Pour combien de temps ? Une méga usine STELLANTIS ouvre en Turquie. Selon les syndicalistes de STELLANTIS, la direction du groupe prépare pour parachever cet acte 2, la délocalisation de cette production mais également d’autres productions réalisées par des équipementiers automobiles divers. Changement de stratégie (ré internalisation pour mieux délocaliser) mais pas d’objectif : augmenter les marges. C’est un cataclysme industriel qui est en route !
Une lutte porteuse d’enjeux multiples
La résistance des salariés de MA France illustre les multiples facettes des contradictions sociales ; sociétales et politiques de la période. Elle met en lumière des objectifs politiques pour notre Parti. Le débat organisé sur le site de l’usine occupée le 9 octobre auquel ont notamment participé Sophie Binet, Fabien Gay et Didier Mignot en ont été l’écho :
- Tout d’abord l’humanité des hommes, des femmes qui est niée par le Capital mais qui s’impose dans la résistance. Six mois de lutte, de résistance montre que la défense de la dignité est tout à la fois une fin et un moyen de mettre en cause les logiques dominantes à l’œuvre.

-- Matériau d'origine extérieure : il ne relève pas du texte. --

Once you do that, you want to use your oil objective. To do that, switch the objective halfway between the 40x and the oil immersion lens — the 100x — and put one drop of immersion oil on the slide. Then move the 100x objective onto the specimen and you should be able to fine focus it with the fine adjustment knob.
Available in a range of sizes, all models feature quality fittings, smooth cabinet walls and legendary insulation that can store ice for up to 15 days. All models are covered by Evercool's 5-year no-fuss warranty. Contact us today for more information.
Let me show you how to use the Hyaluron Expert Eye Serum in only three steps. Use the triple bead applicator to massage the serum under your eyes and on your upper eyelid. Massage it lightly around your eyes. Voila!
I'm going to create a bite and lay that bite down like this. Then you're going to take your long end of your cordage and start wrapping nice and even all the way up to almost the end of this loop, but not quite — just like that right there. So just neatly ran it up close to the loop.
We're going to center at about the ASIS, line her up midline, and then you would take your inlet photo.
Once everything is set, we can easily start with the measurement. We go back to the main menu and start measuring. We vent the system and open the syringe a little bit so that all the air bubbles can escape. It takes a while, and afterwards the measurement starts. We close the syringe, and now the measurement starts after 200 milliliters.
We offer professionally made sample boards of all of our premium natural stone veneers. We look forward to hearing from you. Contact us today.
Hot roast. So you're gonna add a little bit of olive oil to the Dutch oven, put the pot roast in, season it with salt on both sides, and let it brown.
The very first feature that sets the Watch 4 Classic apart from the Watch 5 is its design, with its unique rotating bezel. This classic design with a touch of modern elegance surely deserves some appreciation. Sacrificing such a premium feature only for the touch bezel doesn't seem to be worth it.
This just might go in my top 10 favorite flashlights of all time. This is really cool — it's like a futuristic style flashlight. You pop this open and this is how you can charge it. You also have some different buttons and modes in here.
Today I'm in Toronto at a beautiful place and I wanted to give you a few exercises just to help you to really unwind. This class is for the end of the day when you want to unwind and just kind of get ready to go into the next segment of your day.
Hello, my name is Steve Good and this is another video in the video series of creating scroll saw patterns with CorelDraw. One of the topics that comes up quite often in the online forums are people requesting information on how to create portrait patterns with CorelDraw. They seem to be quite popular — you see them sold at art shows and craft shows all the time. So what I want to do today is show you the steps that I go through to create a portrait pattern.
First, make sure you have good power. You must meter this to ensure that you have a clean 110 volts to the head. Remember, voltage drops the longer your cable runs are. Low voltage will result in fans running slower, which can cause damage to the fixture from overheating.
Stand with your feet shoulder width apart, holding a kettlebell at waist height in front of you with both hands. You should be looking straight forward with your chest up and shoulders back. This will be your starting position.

- La finalité de la production industrielle ne peut être la réalisation par les investisseurs de marges toujours plus importantes pour rémunérer le capital. La finalité doit être essentiellement de produire des biens utiles pour répondre aux besoins des populations.
- L’État doit avoir une stratégie industrielle démocratiquement débattue et arrêtée qui seule peut fonder l’octroi d’aides. On peut estimer que les différents dispositifs gouvernementaux d’aides aux entreprises drainent 170 à 184 milliards d’euros… qui servent pour l’essentiel à financer des stratégies décidées par les seules entreprises visant toujours l’unique rentabilité financière. Ces aides ne servent aucune stratégie industrielle mais des stratégies financières. Il en va de même de l’actionnariat de l’État dans des entreprises (l’État est actionnaire des 2 principaux constructeurs automobile français, Stellantis et Renault) : il doit être au service d’une stratégie industrielle utile du point de vue social et environnemental.
- La loi doit mieux protéger les salariés. Nos sénateurs ont déposé un proposition de loi visant à rendre responsables les donneurs d’ordre des conséquences des choix délétères sur leur sous-traitant qu’ils opèrent. Ce projet a été conçu par les travailleurs et leurs représentants de GM&S en lutte. https://senateurscrce.fr/activite-des-senateurs/nos-propositions-de-loi-et-de-resolution/article/proposition-de-loi-sur-la-responsabilite-des-donneurs-d-ordres
Des vœux de soutien aux salariés de MA France vont être déposés au conseil de territoire et conseil municipal d’Aulnay à l’initiative d’élus communistes.
N'est-il pas urgent de décliner concrètement ses objectifs politiques en initiant avec les salariés et citoyens usagers/consommateurs des démarches de rassemblement inédites.
Le 17 octobre les salariés toujours en lutte de MA France seront avec les travailleurs de la filière automobile dès 9 heures porte de Versailles à l’ouverture du Salon de l’automobile… Des communistes d’Aulnay, aussi!